Precision: It's calculated as the ratio of true positives to the sum of true positives and false positives. Precision focuses on the accuracy of positive predictions.

Recall: This measures the proportion of actual positive cases that were correctly identified by the model.
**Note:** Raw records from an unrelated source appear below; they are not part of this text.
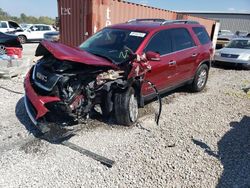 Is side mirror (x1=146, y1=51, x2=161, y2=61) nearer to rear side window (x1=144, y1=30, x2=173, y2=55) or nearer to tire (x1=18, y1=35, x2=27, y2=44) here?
rear side window (x1=144, y1=30, x2=173, y2=55)

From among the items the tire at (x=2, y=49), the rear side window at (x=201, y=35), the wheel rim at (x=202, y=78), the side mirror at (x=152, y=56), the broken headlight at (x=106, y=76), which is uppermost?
the rear side window at (x=201, y=35)

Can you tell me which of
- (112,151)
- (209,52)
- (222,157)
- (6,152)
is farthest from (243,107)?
(6,152)

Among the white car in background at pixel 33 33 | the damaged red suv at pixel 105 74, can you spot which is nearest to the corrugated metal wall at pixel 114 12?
the damaged red suv at pixel 105 74

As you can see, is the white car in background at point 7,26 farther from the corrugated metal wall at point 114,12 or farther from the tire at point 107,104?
the tire at point 107,104

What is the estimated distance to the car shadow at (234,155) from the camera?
3297 millimetres

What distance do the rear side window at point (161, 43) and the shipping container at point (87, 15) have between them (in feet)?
12.4

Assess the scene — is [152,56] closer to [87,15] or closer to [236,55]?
[87,15]

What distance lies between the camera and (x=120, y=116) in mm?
4461

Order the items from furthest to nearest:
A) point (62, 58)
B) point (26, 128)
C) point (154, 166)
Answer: point (26, 128)
point (62, 58)
point (154, 166)

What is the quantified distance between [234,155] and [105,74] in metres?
2.24

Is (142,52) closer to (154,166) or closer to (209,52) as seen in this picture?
(154,166)

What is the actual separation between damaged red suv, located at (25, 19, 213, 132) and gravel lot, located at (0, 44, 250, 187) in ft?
1.24

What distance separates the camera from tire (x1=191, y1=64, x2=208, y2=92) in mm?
6927

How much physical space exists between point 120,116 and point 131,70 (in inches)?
31.0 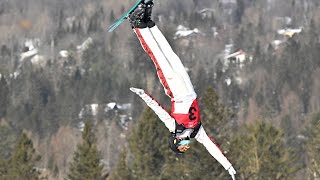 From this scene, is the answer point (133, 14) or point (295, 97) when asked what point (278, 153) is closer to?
point (133, 14)

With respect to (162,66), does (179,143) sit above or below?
below

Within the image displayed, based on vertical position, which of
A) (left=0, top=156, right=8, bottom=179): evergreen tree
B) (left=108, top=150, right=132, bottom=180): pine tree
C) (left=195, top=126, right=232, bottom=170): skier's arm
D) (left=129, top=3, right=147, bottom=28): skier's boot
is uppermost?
(left=129, top=3, right=147, bottom=28): skier's boot

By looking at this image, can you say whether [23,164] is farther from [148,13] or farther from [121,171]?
[148,13]

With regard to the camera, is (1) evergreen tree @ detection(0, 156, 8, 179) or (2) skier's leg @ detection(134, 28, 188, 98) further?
(1) evergreen tree @ detection(0, 156, 8, 179)

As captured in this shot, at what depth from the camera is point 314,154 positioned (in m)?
53.3

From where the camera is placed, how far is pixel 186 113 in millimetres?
12398

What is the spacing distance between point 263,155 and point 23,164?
15.5m

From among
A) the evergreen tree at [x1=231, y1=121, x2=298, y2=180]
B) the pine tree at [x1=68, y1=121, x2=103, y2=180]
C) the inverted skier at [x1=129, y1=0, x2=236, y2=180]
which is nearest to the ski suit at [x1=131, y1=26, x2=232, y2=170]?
the inverted skier at [x1=129, y1=0, x2=236, y2=180]

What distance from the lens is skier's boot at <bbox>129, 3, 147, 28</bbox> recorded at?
11.4 metres

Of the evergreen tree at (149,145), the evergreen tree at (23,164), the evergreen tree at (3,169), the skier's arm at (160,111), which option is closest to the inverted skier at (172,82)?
the skier's arm at (160,111)

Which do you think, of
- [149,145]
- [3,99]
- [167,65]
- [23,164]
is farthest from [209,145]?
[3,99]

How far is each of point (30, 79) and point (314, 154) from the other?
480ft

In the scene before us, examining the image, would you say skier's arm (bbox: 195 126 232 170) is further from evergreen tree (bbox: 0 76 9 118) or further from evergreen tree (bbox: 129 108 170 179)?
evergreen tree (bbox: 0 76 9 118)

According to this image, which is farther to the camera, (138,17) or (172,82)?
(172,82) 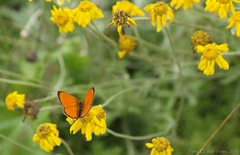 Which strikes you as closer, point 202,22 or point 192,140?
point 192,140

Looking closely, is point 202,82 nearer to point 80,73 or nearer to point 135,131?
point 135,131

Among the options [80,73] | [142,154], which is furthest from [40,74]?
[142,154]

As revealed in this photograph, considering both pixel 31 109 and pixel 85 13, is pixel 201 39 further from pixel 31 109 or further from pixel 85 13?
pixel 31 109

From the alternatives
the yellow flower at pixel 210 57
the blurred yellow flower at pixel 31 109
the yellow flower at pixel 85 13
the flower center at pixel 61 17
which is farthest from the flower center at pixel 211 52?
the blurred yellow flower at pixel 31 109

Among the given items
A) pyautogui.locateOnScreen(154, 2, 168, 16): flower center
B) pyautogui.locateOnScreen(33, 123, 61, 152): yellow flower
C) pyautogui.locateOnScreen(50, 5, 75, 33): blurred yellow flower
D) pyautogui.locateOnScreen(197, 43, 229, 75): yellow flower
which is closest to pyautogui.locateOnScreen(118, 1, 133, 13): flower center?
pyautogui.locateOnScreen(154, 2, 168, 16): flower center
It's calculated as the ratio of true positives to the sum of true positives and false negatives.

**Let's delve into manual calculations of metrics to gain a deeper comprehension of each one.**

FALSE POSITIVE

In [53]:
FP = predictions.filter(predictions['label'] == 0).filter(predictions['prediction'] == 1).count()
FP

7

FAlSE NEGATIVE

In [54]:
FN = predictions.filter(predictions['label'] == 1).filter(predictions['prediction'] == 0).count()
FN

5

TRUE POSITIVE

In [55]:
TP = predictions.filter(predictions['label'] == 1).filter(predictions['prediction'] == 1).count()
TP

56

TRUE NEGATIVE

In [56]:
TN = predictions.filter(predictions['label'] == 0).filter(predictions['prediction'] == 0).count()
TN

85

In [66]:
recall_ = TP / (TP + FN)
print(f"recall: {recall_:.4f}")

recall: 0.9180


In [67]:
accuracy_ = (TP+TN)/(TP+TN+FP+FN)
print(f"accuracy: {accuracy_:.4f}")

accuracy: 0.9216


In [68]:
precision_ = TP/(TP+FP)
print(f"accuracy: {precision_:.4f}")

accuracy: 0.8889


In [69]:
recall_ = TP/(TP+FN)
print(f"accuracy: {recall_:.4f}")

accuracy: 0.9180


An accuracy of 0.92, suggests that the model performs well in correctly classifying breast cancer based on the given features.